Areas he wants to expand on in the future include actions by consent where no defendant is required, action on consent where a defendant’s presence is required and contested actions, and guilty pleas by affidavit.
“It is essentially John Quigley and I working with an available clerk on site and court officers,” Yavinsky said. “Defense attorneys have reached out to executive or supervisory members of the Kings County District Attorney’s Office and, where there is consensus between both parties, a fixed number of the KCDA’s executives and supervisors have then emailed lists of cases to John Quigley and identified the agreed upon action they would like the court to take.”
Yavinsky said that he is encouraging defense attorneys to reach out to assistant district attorneys if they feel that they can reach an agreement on a pending case. He added, though, that the court has a very limited staff right now, so he is asking that the DA’s Office put together a daily list of consented actions to present to the court.
Judge Yavinsky said that the court would like to help in cases where a defendant’s presence is required in court, but they are interested in taking a plea that will get them out of jail or resolve a time-sensitive issue. However, he said, such cases must be filed in writing with his office and they will determine if it can be calendared.

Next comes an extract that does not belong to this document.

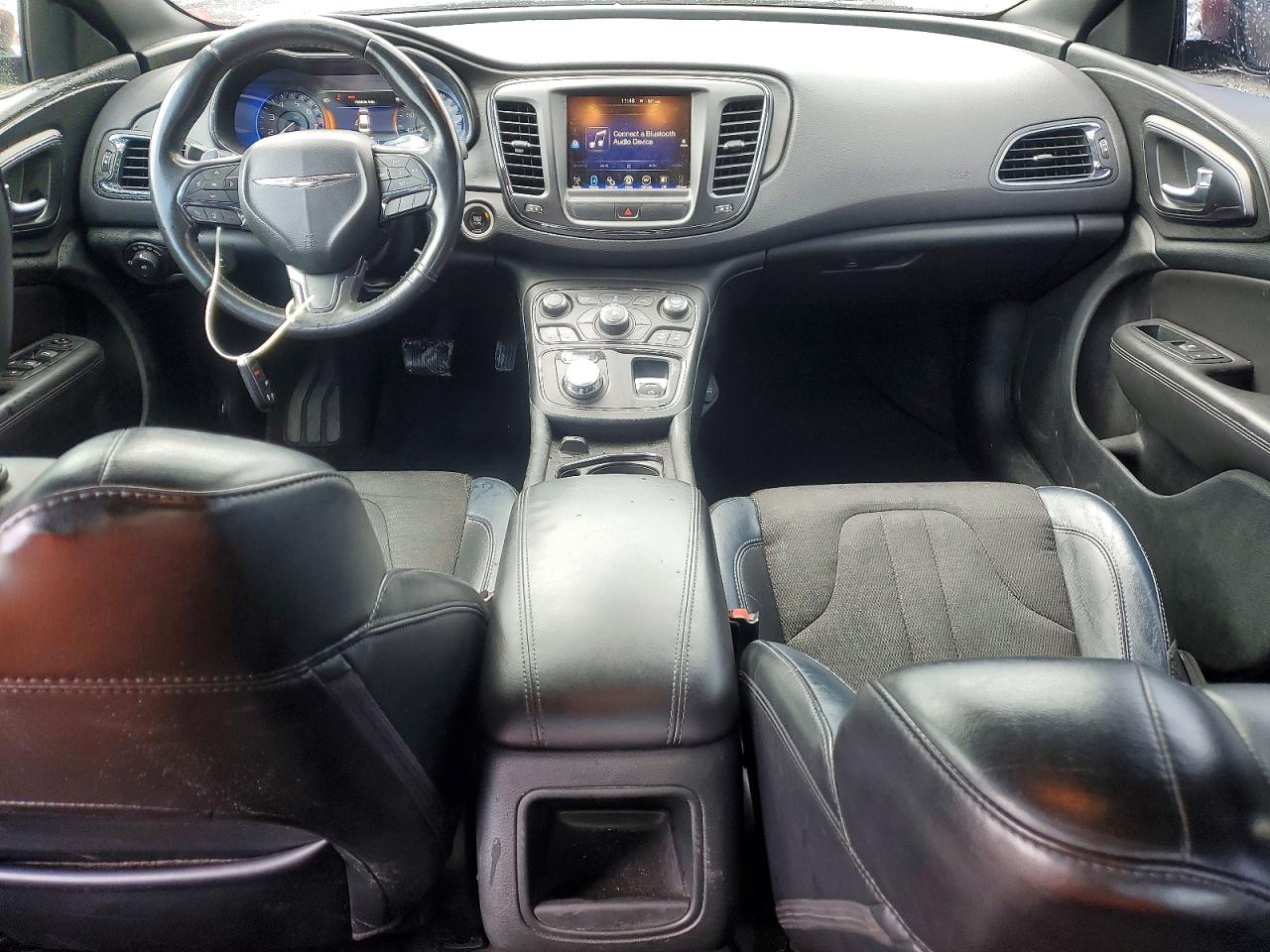 2015 Chrysler 200 S Red vin: 1C3CCCBG6FN706681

On guilty pleas via affidavit, Judge Yavinsky said that law requires a defendant to be present in order to plead guilty, but that the court will accept these pleas provided they are deemed essential by the court, are consented upon by both the defense and prosecution, and they conform with CPLR 340.20 and CPLR 380.40(2).
“No pleas in writing will be accepted unless, A, it is approved by the Supervising Judge’s Office…, B, it is submitted with proof that it is being submitted on notice to, and with the consent of, your adversary and, C, it explicitly states that the defendant is hereby waiving their right to be prosecuted by an information and consents to be prosecuted upon a misdemeanor complaint as permitted under (the rules).”
Judge Yavinsky said the court is also open to suggestions on how it should proceed on cases where a defendant is unavailable, but his or her presence is necessary.
“I appreciate all of your patience as we evolve our virtual courthouse one step further out,” Yavinsky said. “This is certainly going to continue to be a collaborative process going forward, so all constructive suggestions are welcome.”